Saturday, March 12, 2005

Our default settings suck.

Strong class this morning! Deep hamstring and hip holds. Thanks for coming out in the snow.

Anyway, a student asked me after class about the idea of pain. If I understood her correctly, citing "traditional" religion, she felt that pain was necessary for spiritual transformation. This gives me an opportunity to clarify.

It's weird, but I always think of freedom when I think of pain.

In yoga class, I refuse to call it pain. I call it sensation and emphasize that it is neutral, raw, meaningless. Everything that comes through our senses is meaningless, neutral, until we interpret it. Once we interpret it, it has meaning to us.* Usually we interpret by default without realizing we have a choice and without actually feeling the sensation.

Our default settings suck. They are controlled by the ego and are always some form of fear. So any strong sensation is instantly interpreted by the ego as "pain," which is the ego's default.

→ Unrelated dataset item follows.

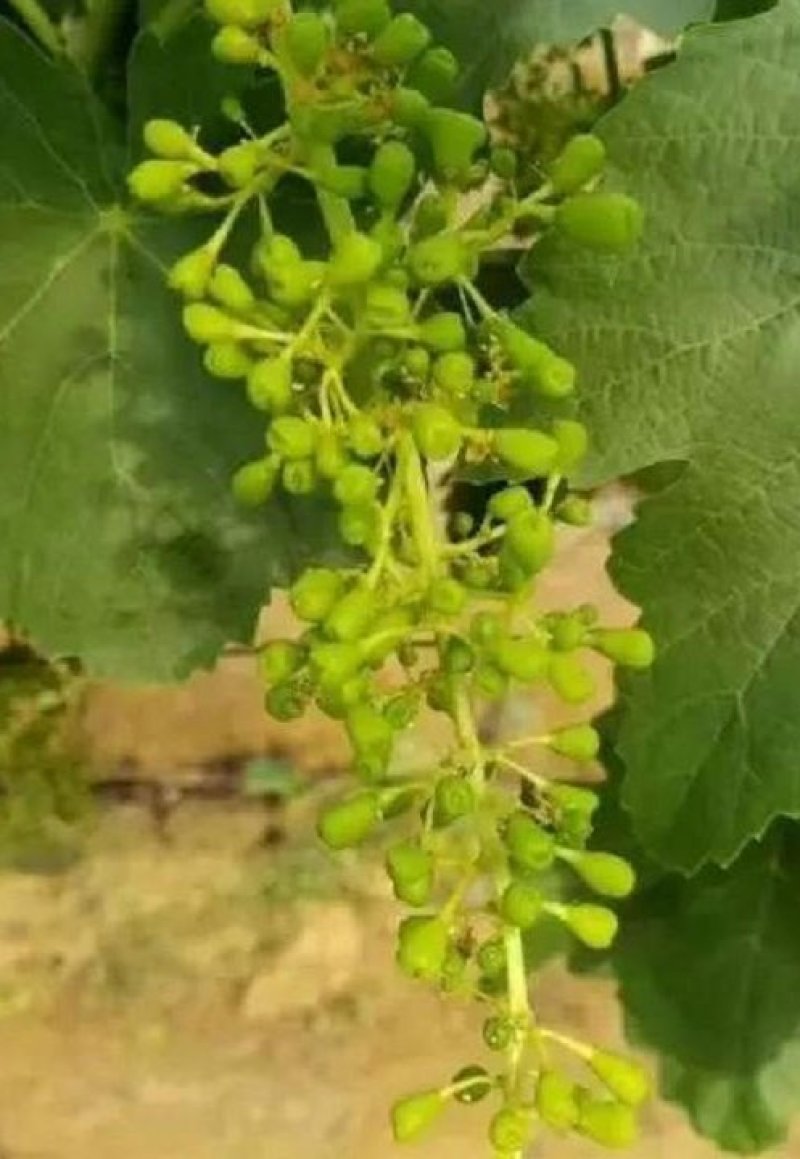 葡萄苗甜蜜蓝宝石，成活率高，品种保证，基地直销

Even worse, it's the ego's interpretation from yesterday so we are reliving the past. Clearly we are not present. We absolutely are not experiencing the sensation as it is now. We have given up freedom of choice to the ego at the most basic level. Consider this fact: The ego would never let us really feel anything. This is why even pleasures seem to fade. We're not feeling anything, just reliving past associations which rapidly become dull, as does our whole life.

To really feel anything, we need to be present. In the light of presence, the ego is obliterated. So, under threat of obliteration and before we know it, the ego serves up yesterday's interpretation to save itself. (This goes on pretty much all the time. No wonder spiritual growth is described as waking up from a dream.)

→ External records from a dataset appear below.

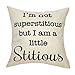 Fjfz The Office Décor TV Show Funny Decoration I'm not Superstitious But I am a Little Stitious, Michael Scott Sign Cotton Linen Home Decorative Throw Pillow Case Cushion Cover for Sofa Couch 18
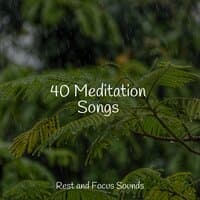 40 Meditation Songs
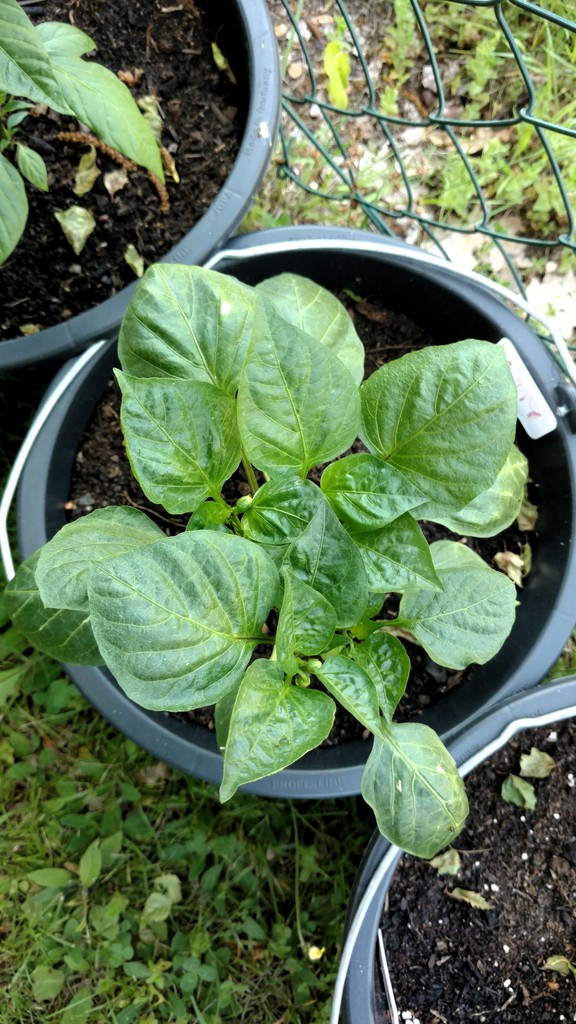 Pimento_marron_01_001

Remember the story of Viktor Frankl: "Man's Search for Meaning?" Tortured in a concentration camp, he realized that he was still free to choose how to interpret everything that happened to him:
Everything can be taken away from a man but one thing: the last of the human freedoms- to choose one's attitudes in any given set of circumstances, to choose one's way. The way in which a man accepts his fate and all the suffering it entails, the way in which he takes up his cross, gives him ample opportunity- even in the most difficult circumstances- to add a deeper meaning to his life.

If we could only make it the first of human freedoms.

We practice learning this freedom in the smallest, safest, simplest way. In vinyasa class when there's alot of sensation, I urge students to try and see it anew. This is the beginning. Practicing. We only need a moment. A gap before the ego rushes forward. To give a new interpretation. Be very interested in what you feel. I offer the feeling of healing, or coolness or just neutrality and letting it be whatever it is. It is urgent to really feel in the present. It's about freedom. Freedom to interpret every situation as it is not as you once did. This illuminates the slavery we submit ourselves to when we operate unquestioning at the ego level of consciousness.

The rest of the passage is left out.